_Your objective_
Using the entries that follow, transcribe only the lines from the line with "Large Number Stickers" to the line with "KJGKK C Shaped", both included, exactly as they stand and without pictures.

===== Information provided =====

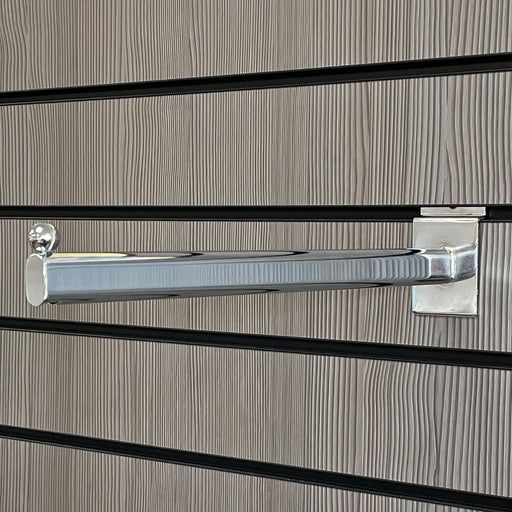 Oval Straight Arm for Slatwall, 40cm long, Chrome
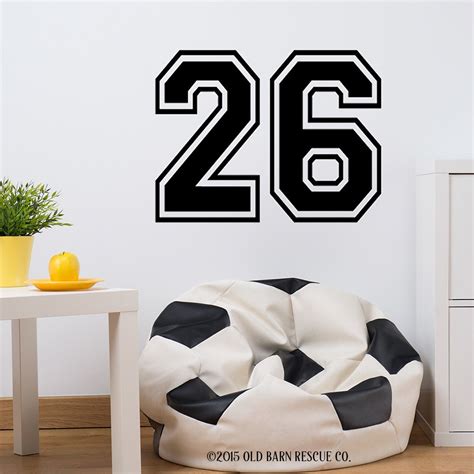 Large Number Stickers Sport Numbers Teen Bedroom Decals | Etsy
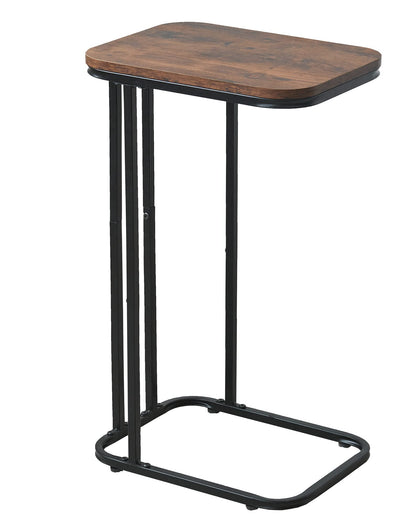 KJGKK C Shaped End Table, 26.6 inches High Small Side Table for Couch Sofa Bed, Tall Tv Tray Table for Living Room, Bedroom, Metal Frame, Rustic Brown & Black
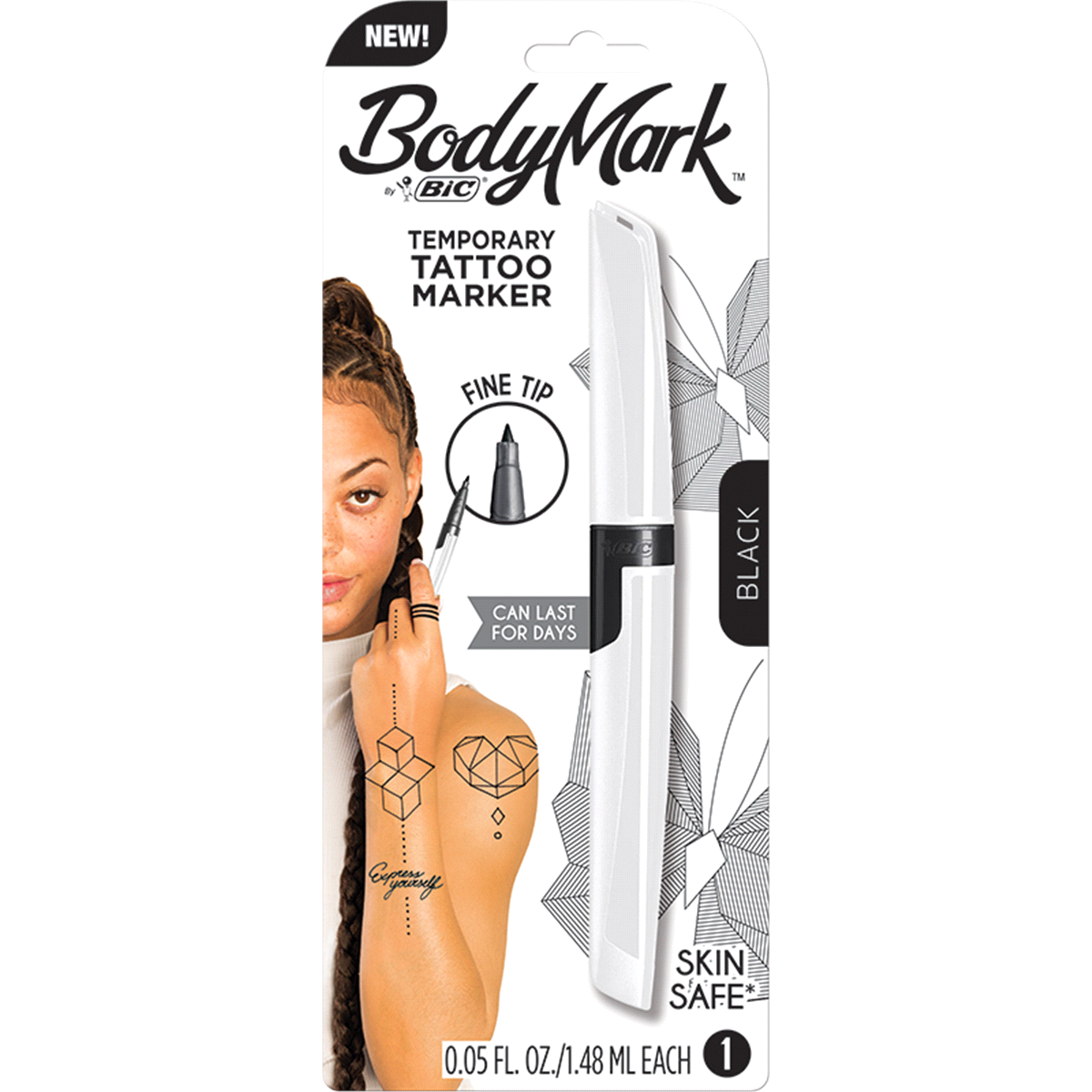 slide 1 of 1, BIC Bodymark Temporary Tattoo Marker - Black, 1 ct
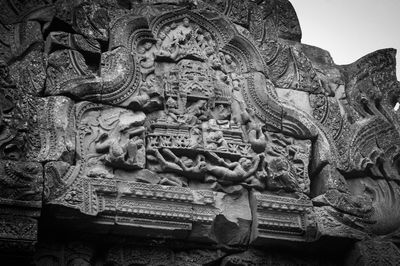 Low angle view of statues at temple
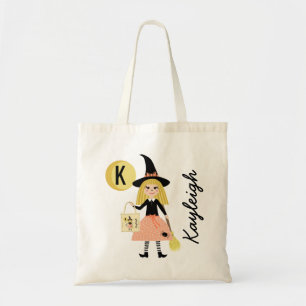 Cute Witch Halloween Treats Monogram Name Tote Bag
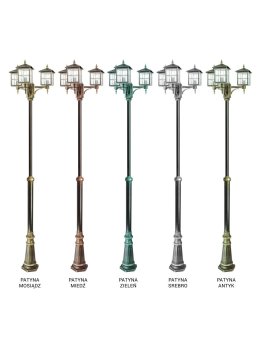Latarnia ogrodowa z trzema kloszami WENECJA 3xE27 280cm | LEDco.pl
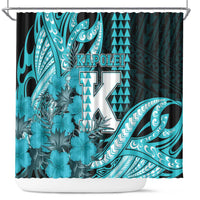 Hawaii Kapolei High School Shower Curtain Tribal Tattoo With Hibiscus Flowers LT05 Dark Teal - Polynesian Pride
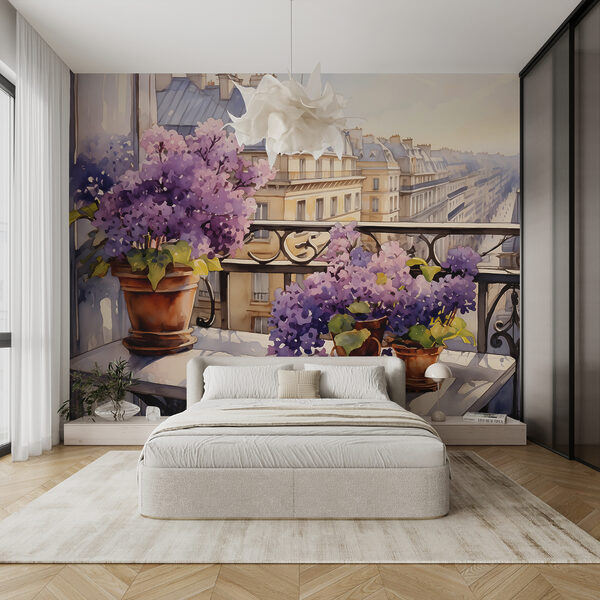 Painting of a balcony with purple flowers Wall murals Painting of a balcony with purple flowers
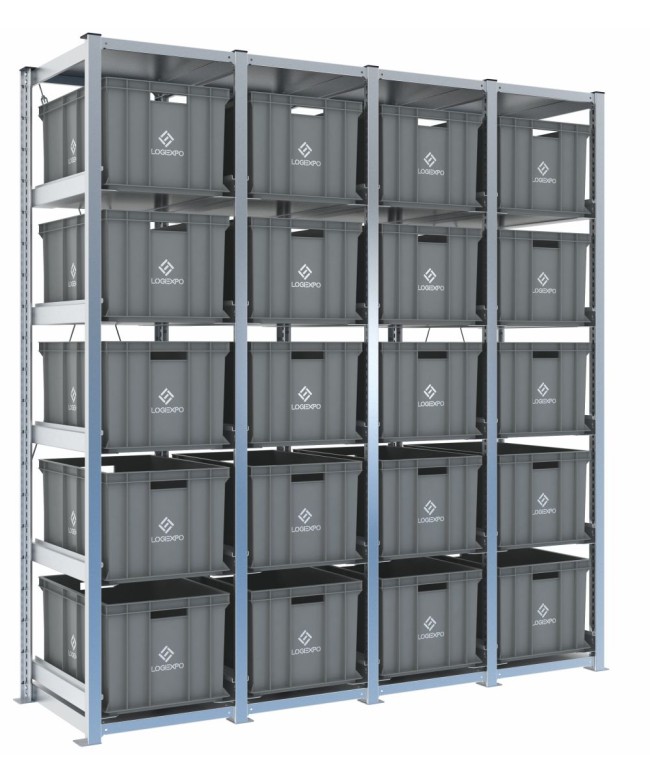 Scaffale H2000 a 4 campate con 20 contenitori Euro 600x400x320h, vista prospettica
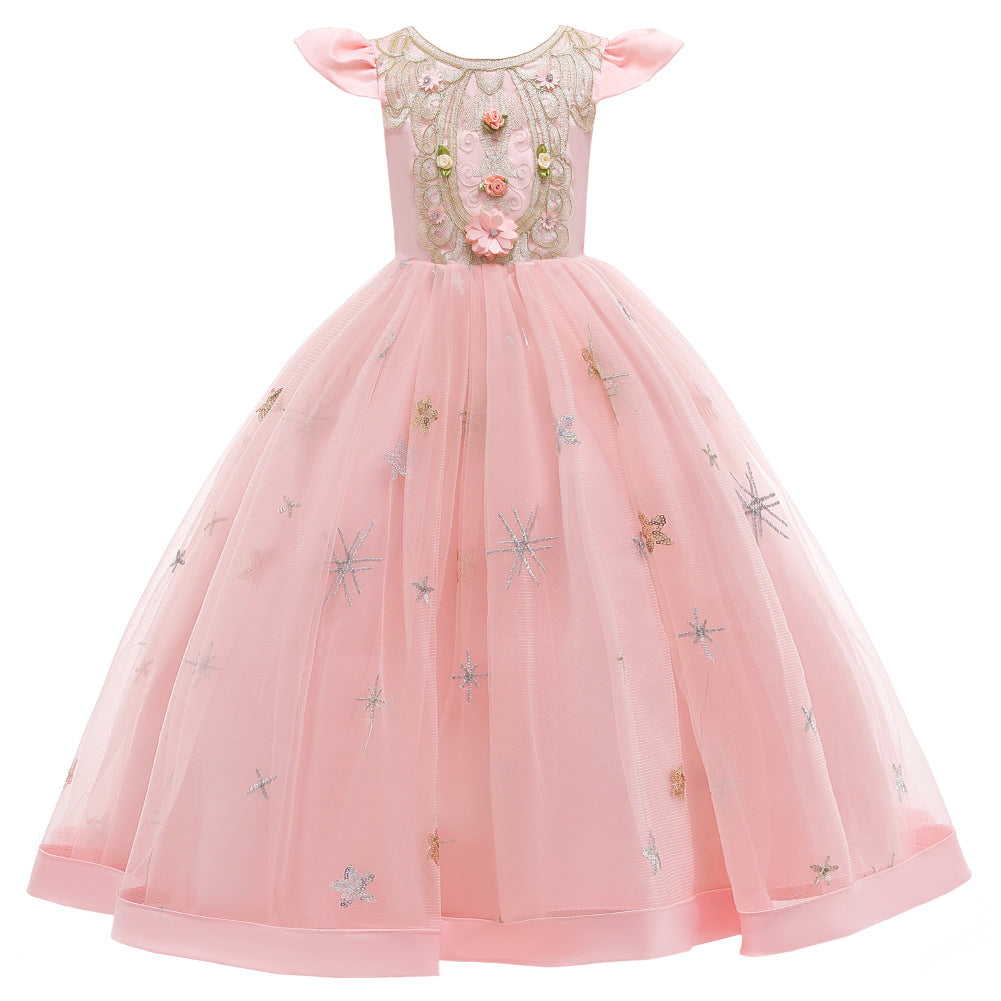 Kid Girls Princess Long Fluffy Flower Piano Performance Dresses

=====

_Exercise solution_
 Large Number Stickers Sport Numbers Teen Bedroom Decals | Etsy
 KJGKK C Shaped End Table, 26.6 inches High Small Side Table for Couch Sofa Bed, Tall Tv Tray Table for Living Room, Bedroom, Metal Frame, Rustic Brown & Black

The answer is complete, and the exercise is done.